**WORK INSTRUCTIONS**.
Exactly retype the lines from the top of the data through the line containing "Grunge rubber stamp", leaving out every picture.

**DATA SHOWN**.
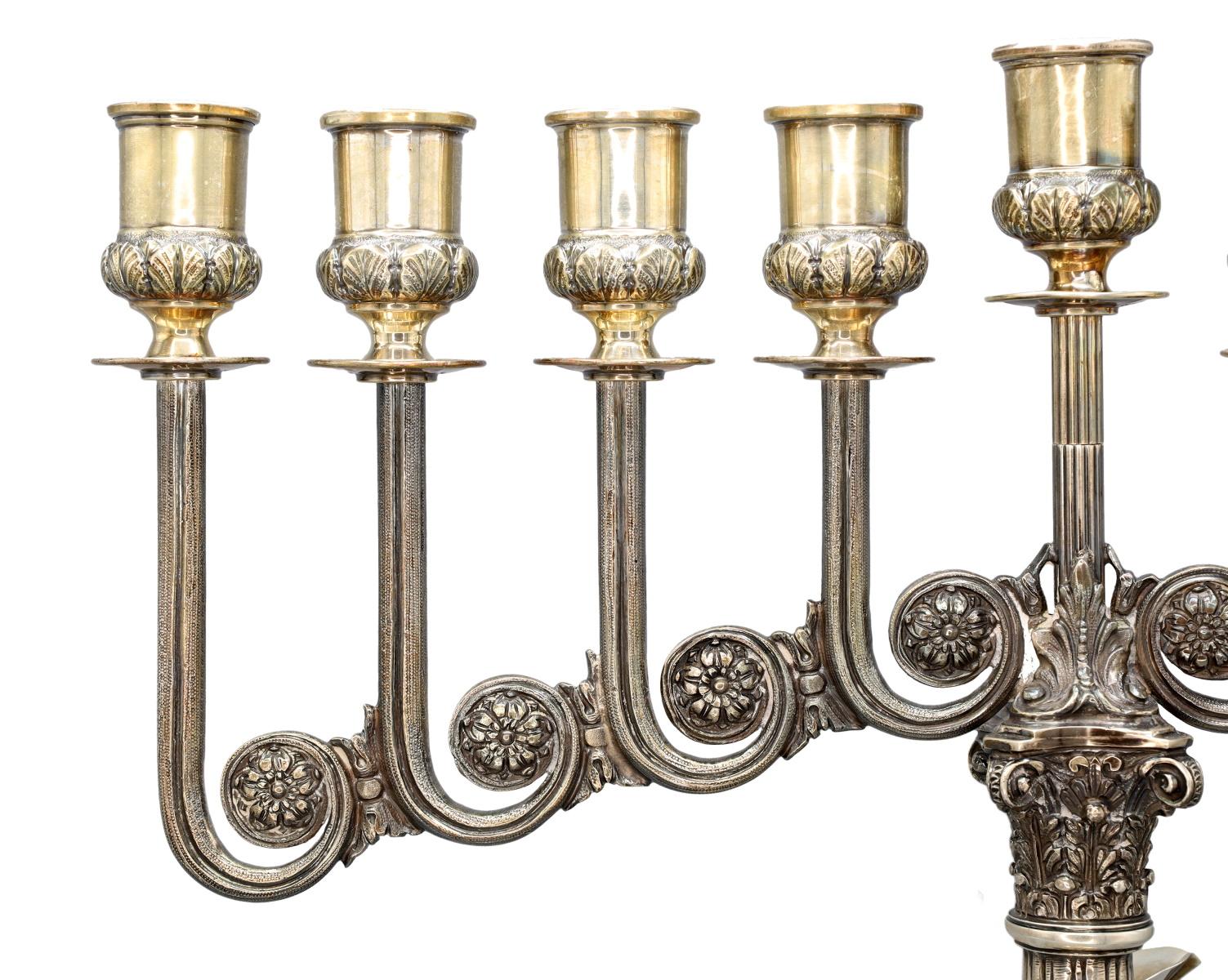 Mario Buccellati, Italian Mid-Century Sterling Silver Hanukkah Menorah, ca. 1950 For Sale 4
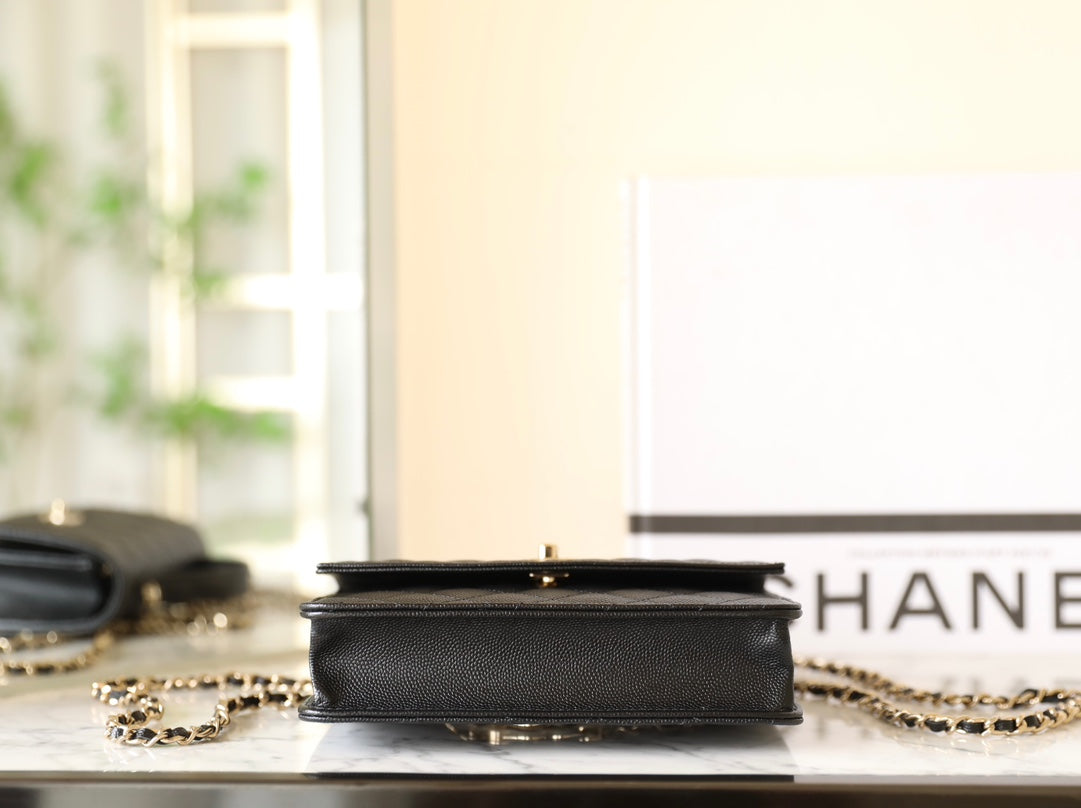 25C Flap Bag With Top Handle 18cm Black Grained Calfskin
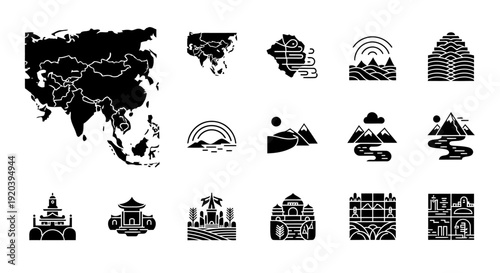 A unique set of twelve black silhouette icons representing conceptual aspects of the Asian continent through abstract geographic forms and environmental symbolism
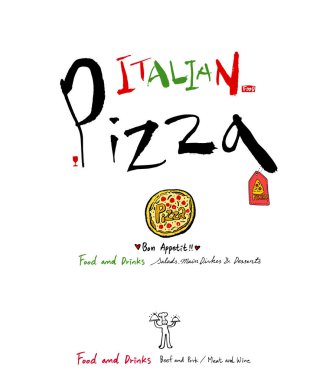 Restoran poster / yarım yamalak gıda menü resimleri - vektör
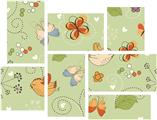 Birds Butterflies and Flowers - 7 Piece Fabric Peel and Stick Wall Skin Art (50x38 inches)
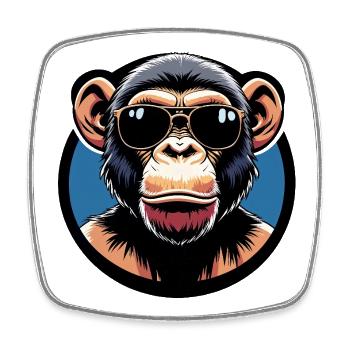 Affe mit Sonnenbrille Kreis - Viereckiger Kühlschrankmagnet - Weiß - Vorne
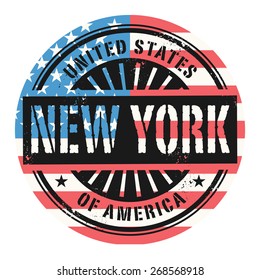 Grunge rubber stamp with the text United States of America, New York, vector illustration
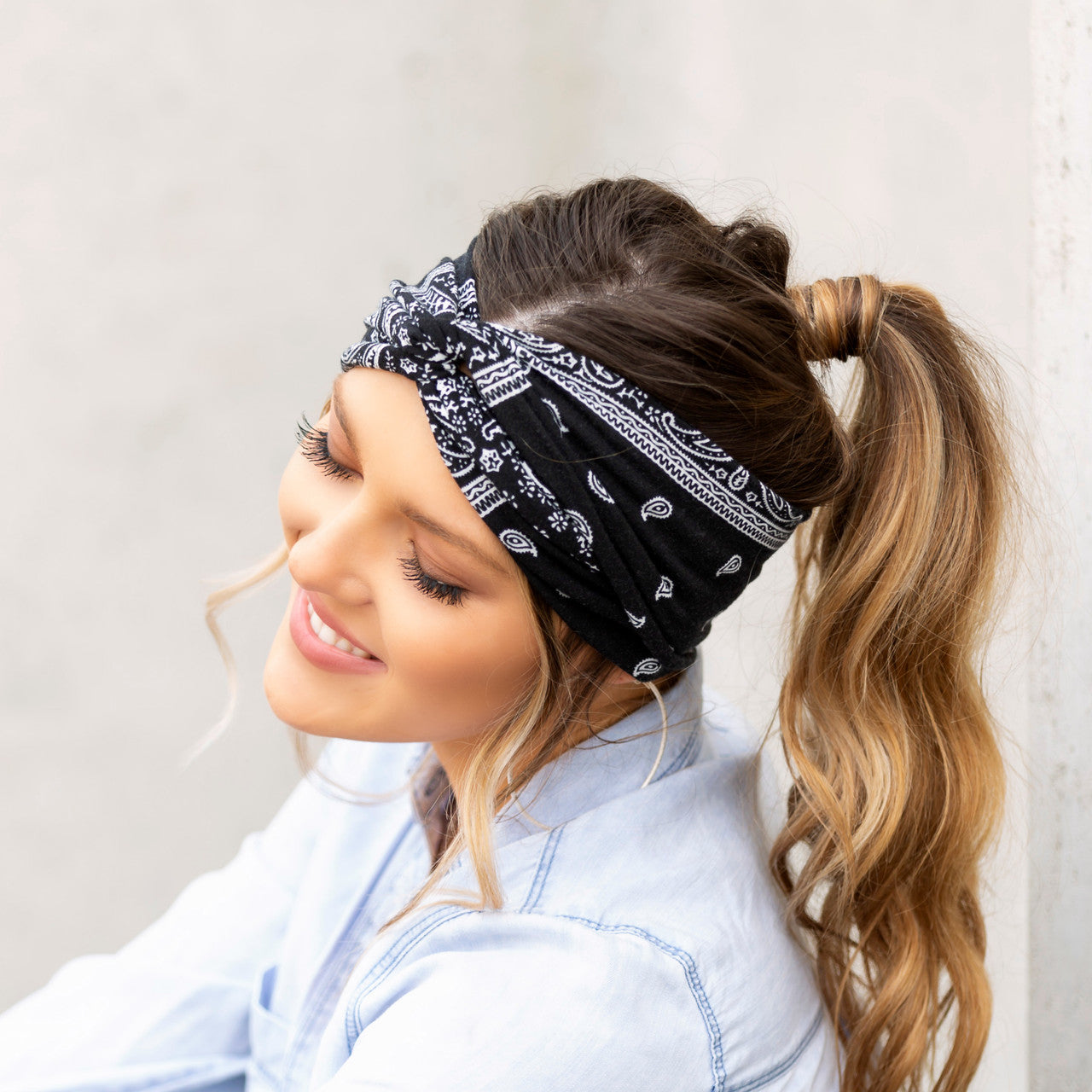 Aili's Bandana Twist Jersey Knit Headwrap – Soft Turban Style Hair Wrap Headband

**WRITTEN ANSWER**.
 Mario Buccellati, Italian Mid-Century Sterling Silver Hanukkah Menorah, ca. 1950 For Sale 4
 25C Flap Bag With Top Handle 18cm Black Grained Calfskin
 A unique set of twelve black silhouette icons representing conceptual aspects of the Asian continent through abstract geographic forms and environmental symbolism
 Restoran poster / yarım yamalak gıda menü resimleri - vektör
 Birds Butterflies and Flowers - 7 Piece Fabric Peel and Stick Wall Skin Art (50x38 inches)
 Affe mit Sonnenbrille Kreis - Viereckiger Kühlschrankmagnet - Weiß - Vorne
 Grunge rubber stamp with the text United States of America, New York, vector illustration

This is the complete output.